Las elecciones también definirán la tendencia política que regirá en el país, si un retorno a la izquierda con el MAS, o seguir el giro iniciado en la gestión transitoria de Jeanine Áñez hacia la derecha. Esta inclinación se verá inevitablemente reflejada en la política exterior boliviana.

Durante la presidencia de Morales, Bolivia mantuvo cercanía con países como Rusia, China, Cuba y Venezuela y se distanció de Estados Unidos.

 

¿Qué se juega el país?

Las elecciones generales en Bolivia deberán dar lugar a un nuevo Gobierno salido de las urnas, que afronte retos como la crisis económica producto de la pandemia del Covid-19 o la gobernabilidad.

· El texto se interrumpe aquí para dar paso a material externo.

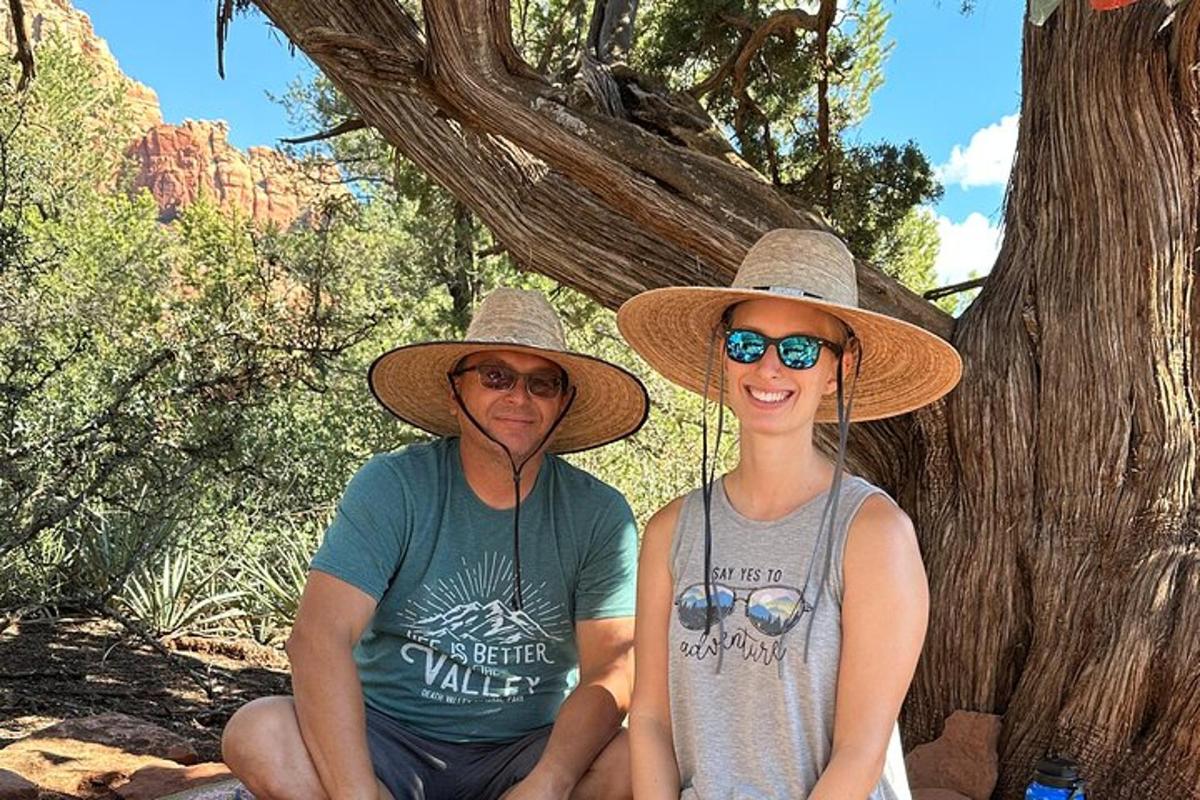 due persone che indossano cappelli sedute accanto a un albero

Cinco postulantes concurren a los comicios, a los que se presentó inicialmente la presidenta interina, Jeanine Áñez, aunque luego renunció a su candidatura ante el riesgo de dividir el voto contra el Movimiento al Socialismo (MAS) de Evo Morales.

El partido de Morales busca retomar el poder que ostentó durante casi 14 años y que perdió en noviembre pasado tras unas elecciones que fueron anuladas entre denuncias de fraude, algo que siempre ha negado.

Fragmentados en seis candidaturas, sus detractores quieren evitar que el MAS vuelva a gobernar por los excesos que consideran que cometió Morales, incluida su polémica habilitación para buscar la reelección pese a que la Constitución que él mismo promulgó permite solo dos periodos continuos.

 

DATO

Bolivia elegirá al presidente, vicepresidente, senadores y diputados para un mandato de cinco años.